By Josh Yohe
Chaz Palla | Tribune-Review
In this file photo, Jim Rutherford addresses the media during a news conference on Friday, June 6, 2014, at Consol Energy Center shortly after he was named Penguins general manager. He was the architect of the 2006 Stanley Cup champion Carolina Hurricanes, and this weekend will come face-to-face with his old franchise for the first time, finishing with a trip to RBC Arena on Saturday.
For almost two decades, Raleigh was Jim Rutherford's home.
He was the architect of the 2006 Stanley Cup champion Carolina Hurricanes and played a vital role in turning Raleigh into a hockey town, controlling the hockey and business portions of the team's operation.
This weekend, Rutherford comes face-to-face with his old franchise for the first time, finishing with a trip to RBC Arena on Saturday.
“The games are about the players, not the manager,” Rutherford said.
A moment later, he displayed a hint of a smile.
This isn't just another trip to North Carolina, and he knows it.
“I try not to think about it,” he said. “I expect that going back into that building, my emotions will get going a little bit more than normal.”
Rutherford became the general manager of the Hurricanes when they still were the Hartford Whalers in June 1994. He became one of hockey's most respected general managers during the next two decades. His Hurricanes reached the Stanley Cup Final in 2002 before claiming a title in 2006.
After reaching the 2009 Eastern Conference final — the Hurricanes were swept by the Penguins that spring — Carolina went into a downward spiral, failing to reach the postseason since. Rutherford was replaced by former Penguins star Ron Francis as GM earlier this year.
Ready to move on from a high- profile role — Rutherford owned a small portion of the Hurricanes and remained an advisor at the time of the general manager switch — the 65-year-old Rutherford could not resist when the Penguins came calling.
But he remains close with many in Raleigh and feels no animosity toward the Hurricanes, even if that organization had decided Francis was the man to lead it forward.
“I was treated terrific there from the owner to the players, to fellow workers and the fans,” Rutherford said. “I have a lot of friends there. Not one regret. Not one hard feeling.”
Rutherford keeps track of his old team. The Hurricanes are struggling this season and appear destined to compete in the Connor McDavid sweepstakes rather than the playoffs.

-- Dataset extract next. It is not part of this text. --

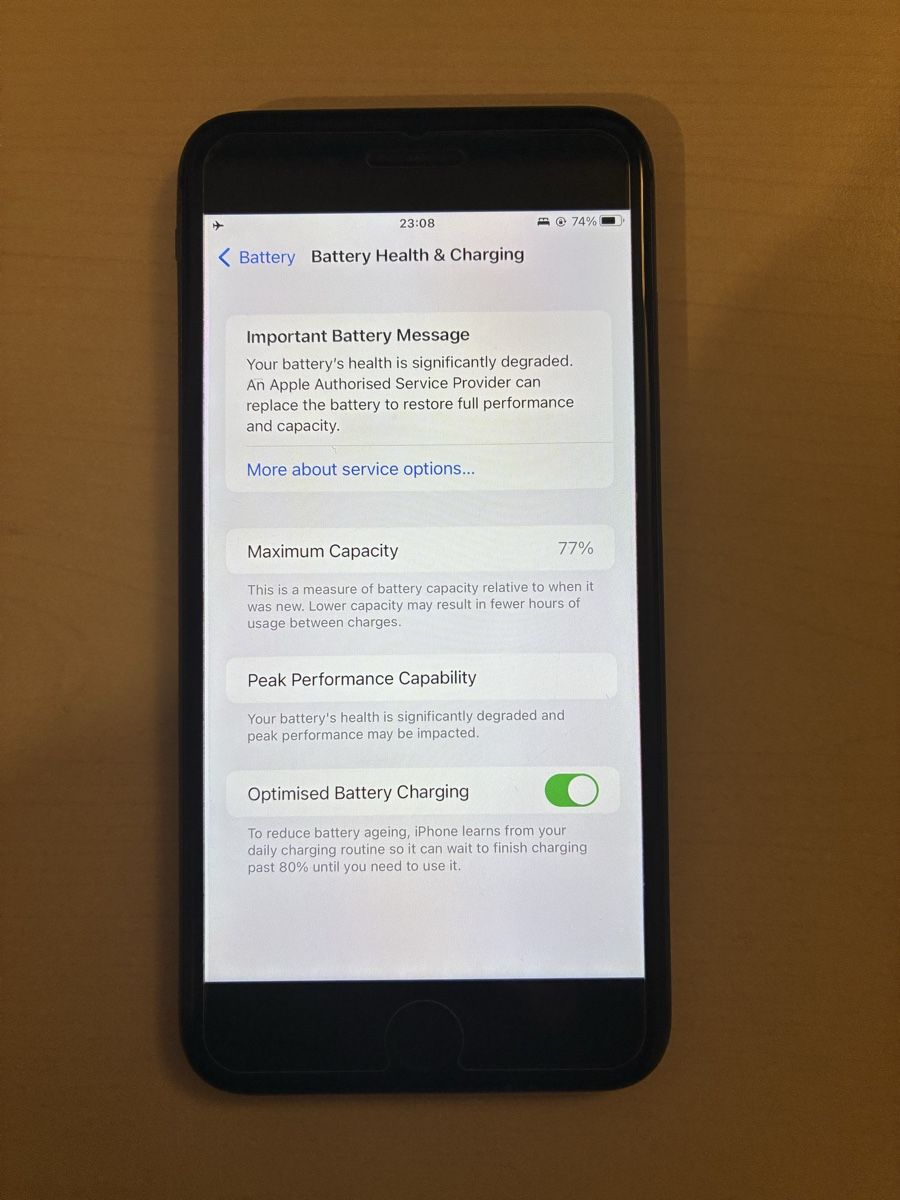Apple Telefoni cellulari / Smartphones: iPhone 8 Plus Black 128GB iOS 16 – Usato da Grenchen venduto da gabifp 8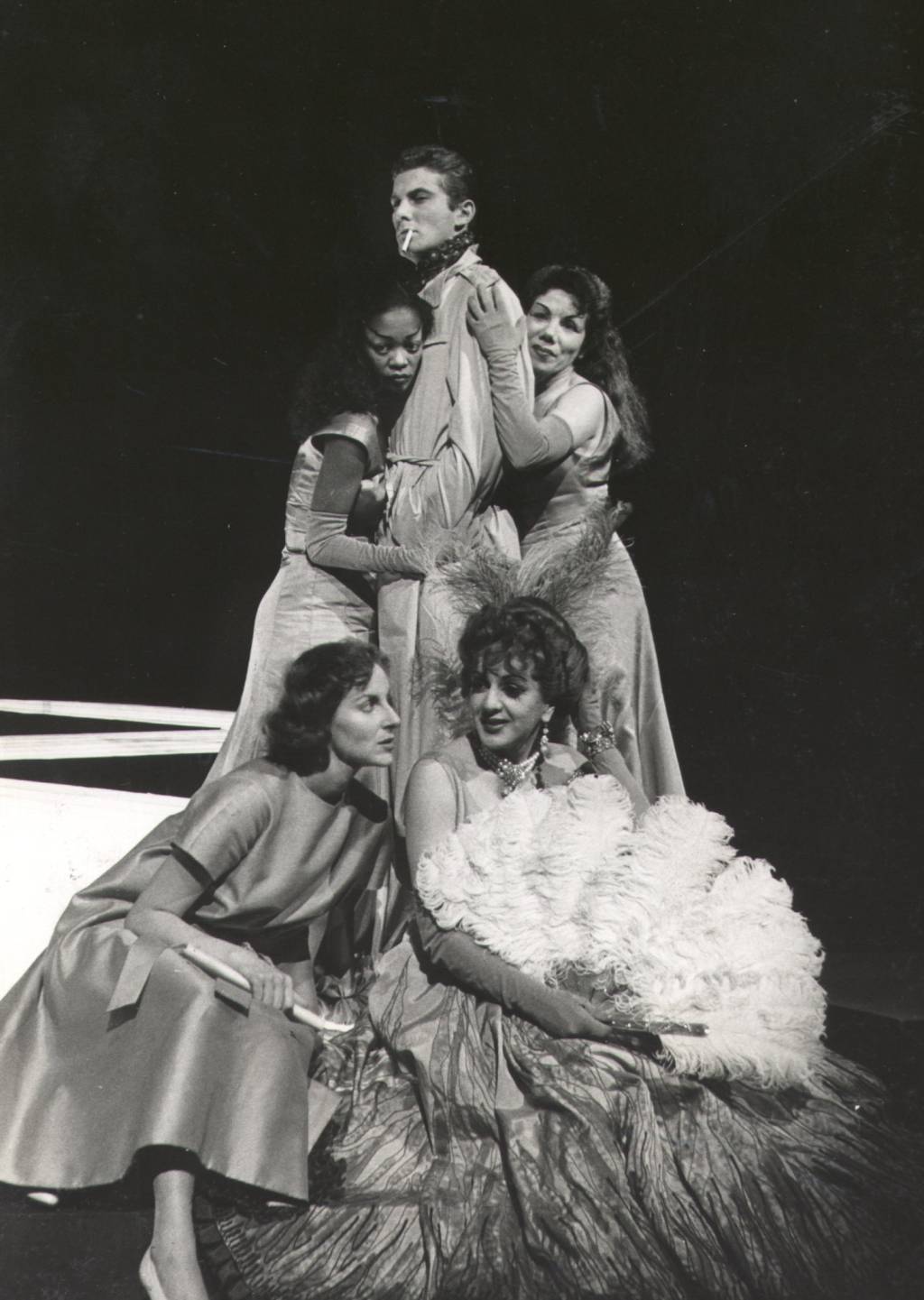 ruth de souza no palco Ruth de Souza, Carlos Zara, Nieta Junqueira, Nydia Licia e Wanda Kosmo na peça Vestido de Noiva.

“It (losing) would happen to any team,” Rutherford said. “They had a lot of key injuries. (The Hurricanes) had injuries over the last three or four years there. Just a run of bad luck. But they've got players back now, and they're playing a lot better.”
Rutherford has some players, too.
Guys named Sidney Crosby and Evgeni Malkin, Kris Letang and Marc-Andre Fleury. The Penguins likely are the most talented team Rutherford has overseen.
“You know how this game goes,” he said. “Moods go as days and games go. But yeah, I like what our team has done.”
He said he probably will be emotional, first when he sees the Hurricanes in his new city Friday and especially Saturday night when Rutherford returns to the south.
Rutherford, though, has maintained his sense of humor.
“I call Ronnie once a week to see if I can get a player or two,” he said.
Then he smiled again.
“I stay in touch,” he said. “Not on a regular basis, but you know, a lot of those people are very close friends of mine.”